Self-Medication and Sexual Addictions

Sexual disorders very often co-occur with substance use disorders. Like other addictions related to behavior or “vice,” many who struggle with the disorder struggle with feelings of guilt, shame, depression, anger, and frustration as a result of their inability to manage the behavior despite increasing negative consequences. In an attempt to address those feelings, many turn to drug and alcohol use as a means of self-medication. Unfortunately, because the sexual addiction is an ongoing and progressive disorder, the stresses it causes continue to grow and so too does the use of drugs and alcohol. As a result, it is not uncommon for someone living with a sexual disorder to also struggle with a substance use disorder.
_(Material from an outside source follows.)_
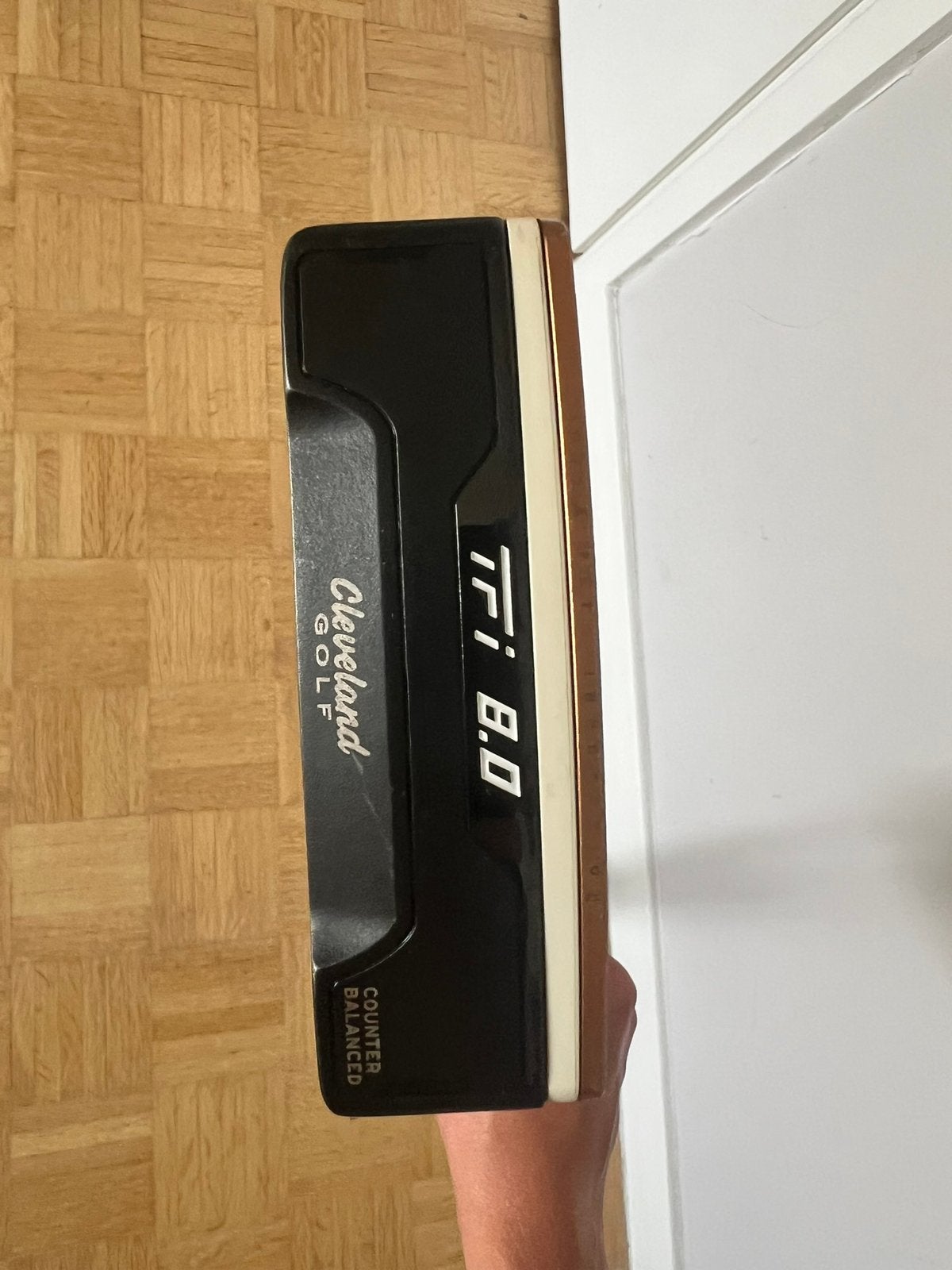 Putter Cleveland TFi 8.0, Ophalen of Verzenden, Zo goed als nieuw, Cleveland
The Role of Drug Use in Sexual Behaviors

In some cases, use of a particular drug plays a primary role in the sexual behavior at the focus of the addiction. That is, a person may begin their sexual addiction process by going to a bar and drinking heavily, and then have sex with an unknown person, masturbate, or otherwise engage in the sexual activity of choice.
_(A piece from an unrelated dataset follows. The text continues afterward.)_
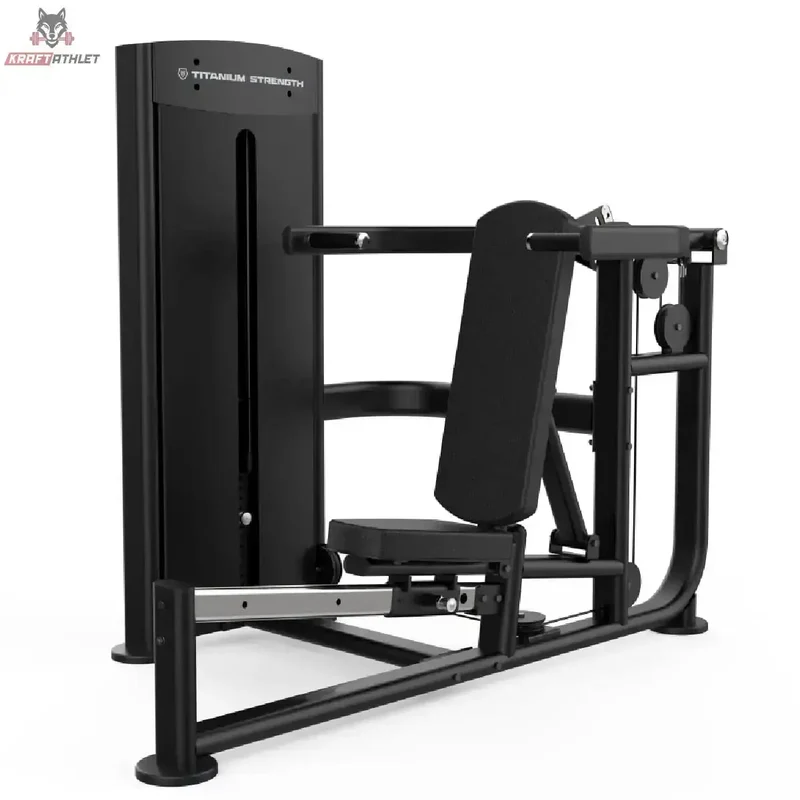 Multipress 3 Funktionen Titanium Strength Black Series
Another common example is the use of “poppers,” a stimulant drug, as a means of sexual enhancement. Many who struggle with sexual addiction disorders and a co-occurring drug disorder may use these drugs as a means of heightening the physical aspect of the experience. Similarly, some prefer to use emotional enhancement drugs like ecstasy to more easily make a personal connection through sex.

It is especially important for someone whose drug use is entwined with engagement in sexual behaviors to undergo treatment for both disorders simultaneously since engagement in one behavior will almost always trigger relapse in the other behavior despite treatment.

Treatment for Sexual Addictions

In most cases, treatment for sex addictions kicks off with 30 days of abstinence from all sexual engagement. This break from making use of the “go-to” coping mechanism sets the stage for the client to begin to do the real work of recovery that comes with therapy. Clients who are in a partnership or marriage may begin to address underlying issues through couples counseling with the goal of rebuilding trust in the relationship and strengthening bonds.

In personal therapy and treatment, the goal is to learn how to develop true intimacy with another person, recognizing all they have to offer intellectually and emotionally as well as sexually. It can take time to learn how to actively place sexual connection on the backburner and genuinely engage with others outside of a sexual context, especially when sex is and must be a part of a functional partnership and romantic relationship. It takes time and persistence and, because it is a chronic condition, relapse may be part of the equation, but with ongoing support and continuing care, it is possible to find balance again.

Co-occurring Disorders and Comprehensive Care

If you, or someone you love, are struggling with both a sexual disorder and a substance use disorder, it is important to not only seek immediate treatment but to connect with the right treatment program – one that has the resources to offer intensive treatment for both disorders simultaneously. During sexual abstinence and abstinence from drug and alcohol use, attentions can turn to exploring past experiences both before and during the addiction phase to better understand how and why the issues developed. This occurs while working on forging authentic bonds in relationships and becoming more comfortable with oneself.